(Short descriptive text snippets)
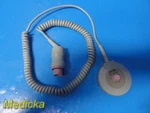 Corometrics Ua Toco Transducer For Model 145 Fetal Monitor; Button Style 39644 Used. Price: $194.99.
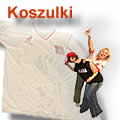 Koszulki dla doroslych i ubranka dla dzieci w polskich barwach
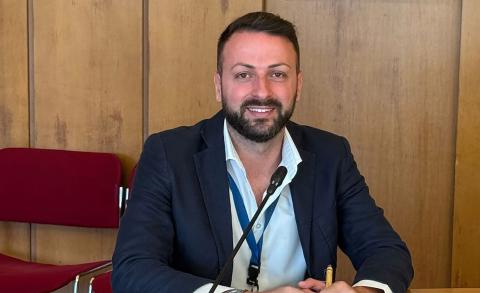 Immagine Simone Santilli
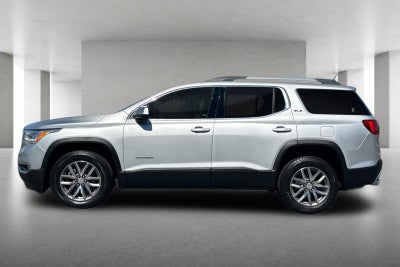 2017 GMC Acadia SLE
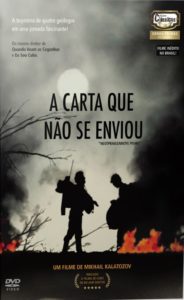 A Carta Que Não Se Enviou (filme)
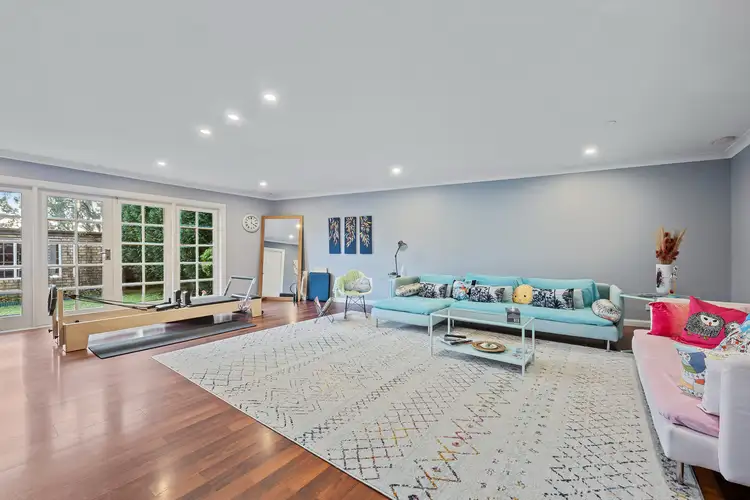 Second view of Homely house listing, 9 Lyte Place, Prospect NSW 2148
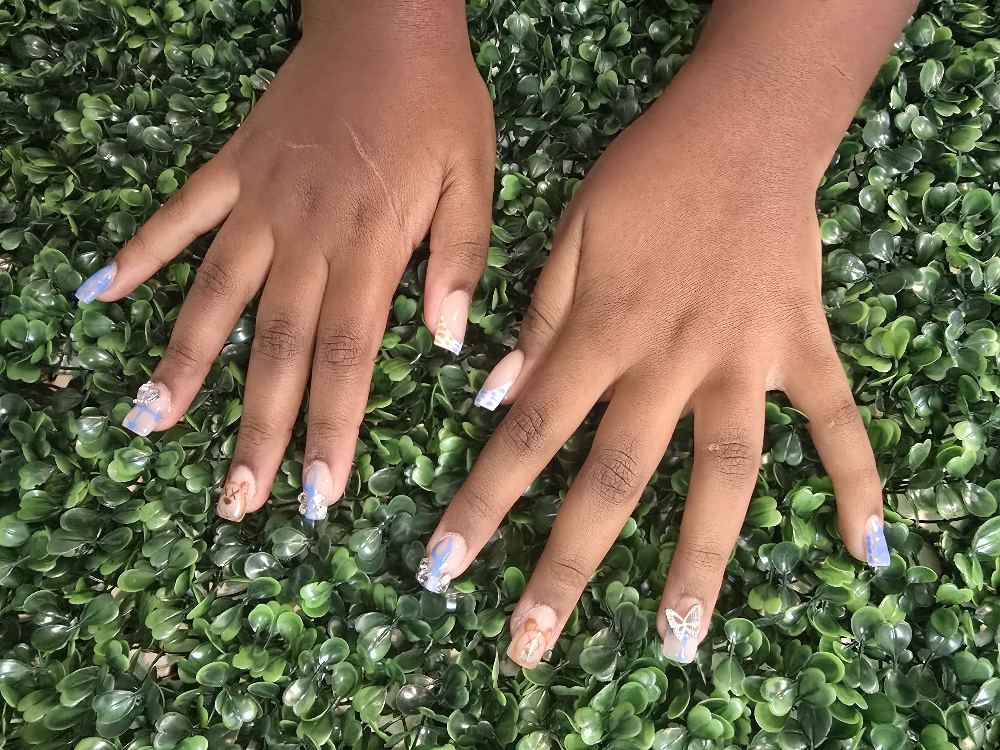 Nail Design/ Nail Art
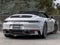 2022 Porsche 911 911 Carrera 4S Cabriolet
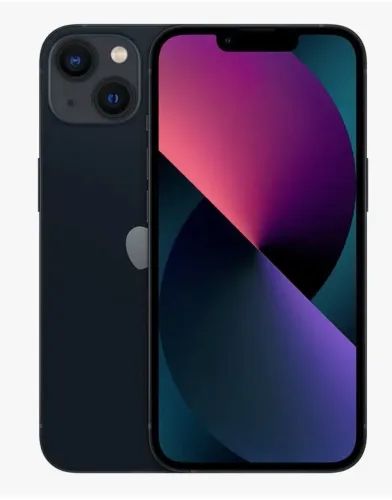 iPhone 13 128 Gb - cor meia noite - novo!
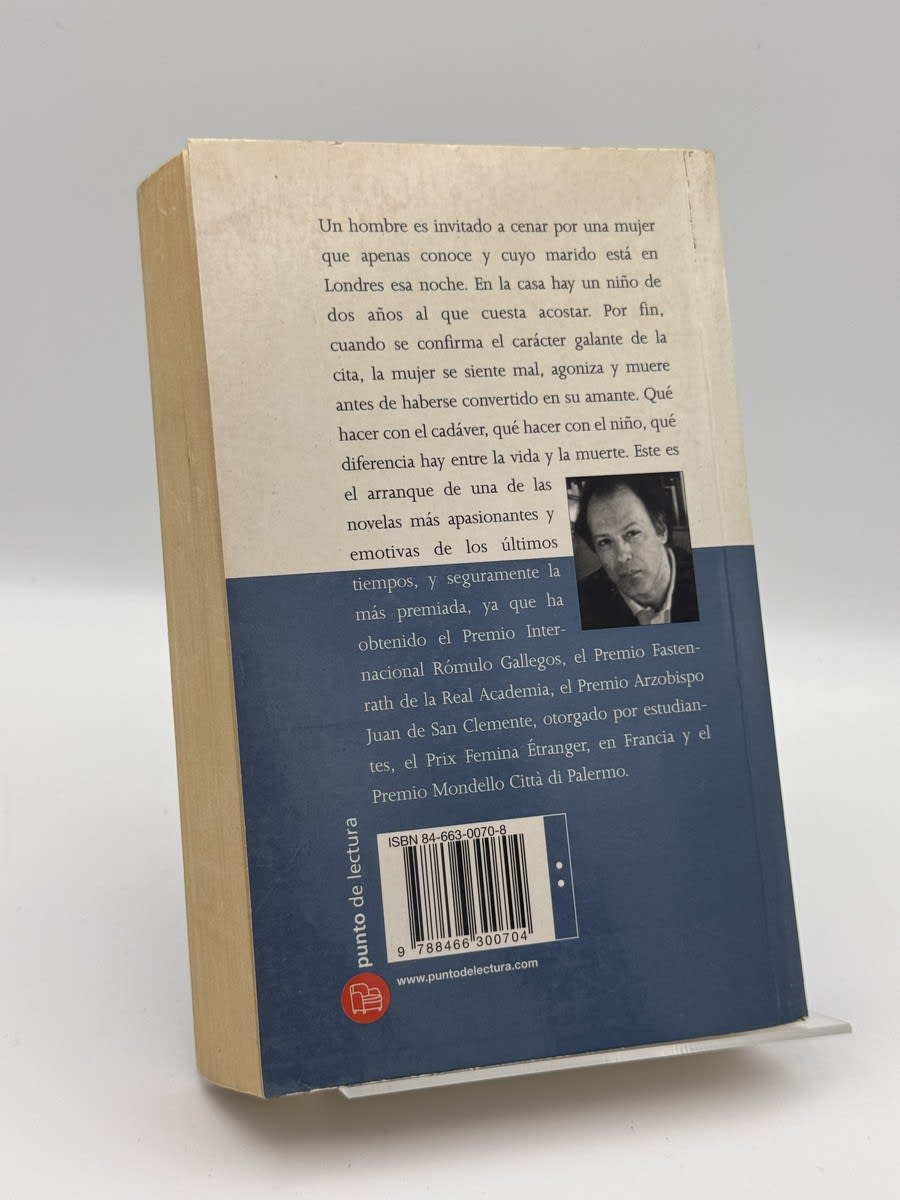 Mañana en la batalla piensa en mí - Imagen 2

WHAT THIS TASK INVOLVES: Retype every entry above exactly, leaving out the pictures.

RESULT:
 Corometrics Ua Toco Transducer For Model 145 Fetal Monitor; Button Style 39644 Used. Price: $194.99.
 Koszulki dla doroslych i ubranka dla dzieci w polskich barwach
 Immagine Simone Santilli
 2017 GMC Acadia SLE
 A Carta Que Não Se Enviou (filme)
 Second view of Homely house listing, 9 Lyte Place, Prospect NSW 2148
 Nail Design/ Nail Art
 2022 Porsche 911 911 Carrera 4S Cabriolet
 iPhone 13 128 Gb - cor meia noite - novo!
 Mañana en la batalla piensa en mí - Imagen 2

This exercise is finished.